A pesquisadora defende que os tratamentos naturais e acessíveis ganhem espaço no combate à obesidade, especialmente como alternativas aos medicamentos caros e muitas vezes com efeitos colaterais. “A ideia é termos compostos seguros, naturais, eficazes e com qualidade. A planta Camellia sinensis oferece isso. Ainda estamos estudando todos os compostos envolvidos, mas não há dúvida de que o chá verde, como matriz vegetal rica em flavonoides, tem um potencial terapêutico importante.”
A pesquisadora ressalta que a ciência sempre busca construir soluções reais. “O que a gente vê no animal nem sempre se reproduz em humanos.
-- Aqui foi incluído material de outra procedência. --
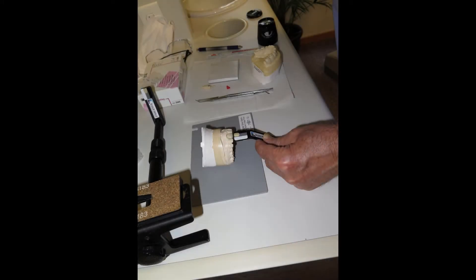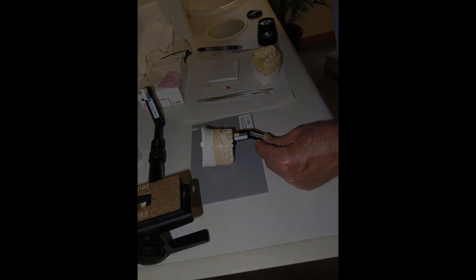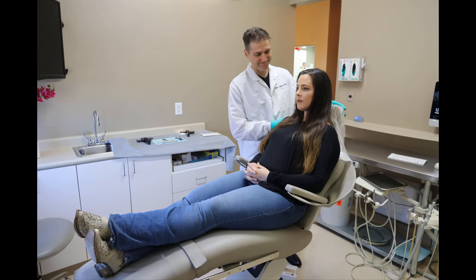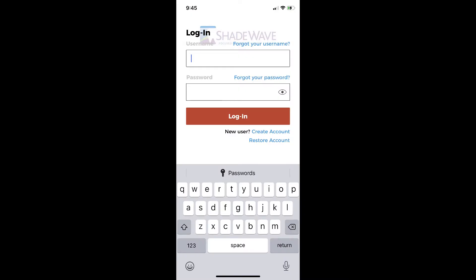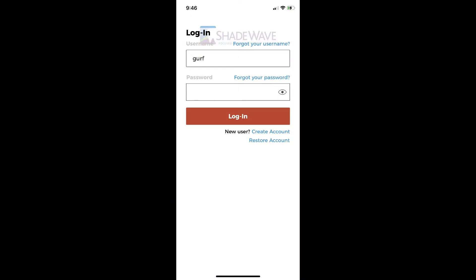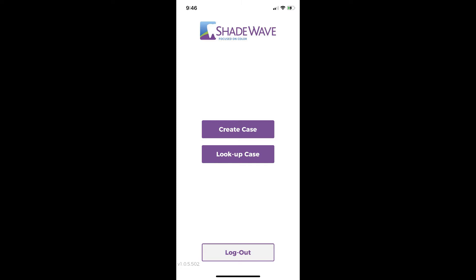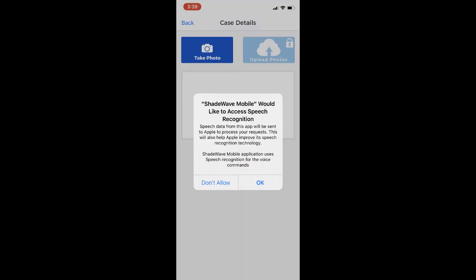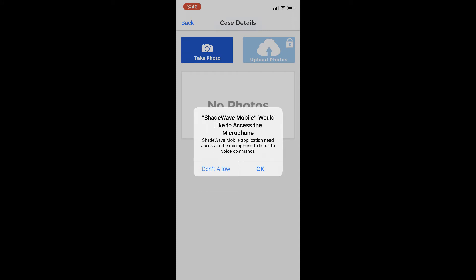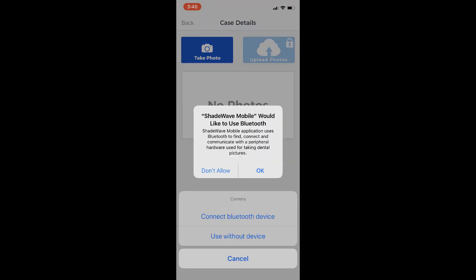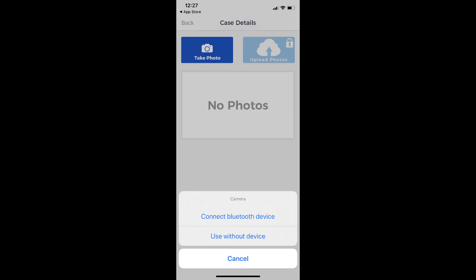Ideally the next steps should be done wherever you take your photos — usually in the shade room if you're a lab professional, or the operatory if you're a dentist. Open the app, log in, and create a case. Approve the one-time setup procedures for speech recognition and microphone, then select Take Photo, click OK on using Bluetooth, and then choose Use Without Device.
Mas se queremos fazer essa translação para a vida real, precisamos pensar em todos os detalhes, como a temperatura ambiente. São esses cuidados que aumentam a validade dos nossos dados. Estamos longe de ter todas as respostas, mas estamos chegando cada vez mais perto.”
O artigo Does green tea ameliorate obesity in mice kept at thermoneutrality by modulating skeletal muscle metabolism? pode ser lido em: https://analyticalsciencejournals.onlinelibrary.wiley.com/doi/10.1002/cbf.70094.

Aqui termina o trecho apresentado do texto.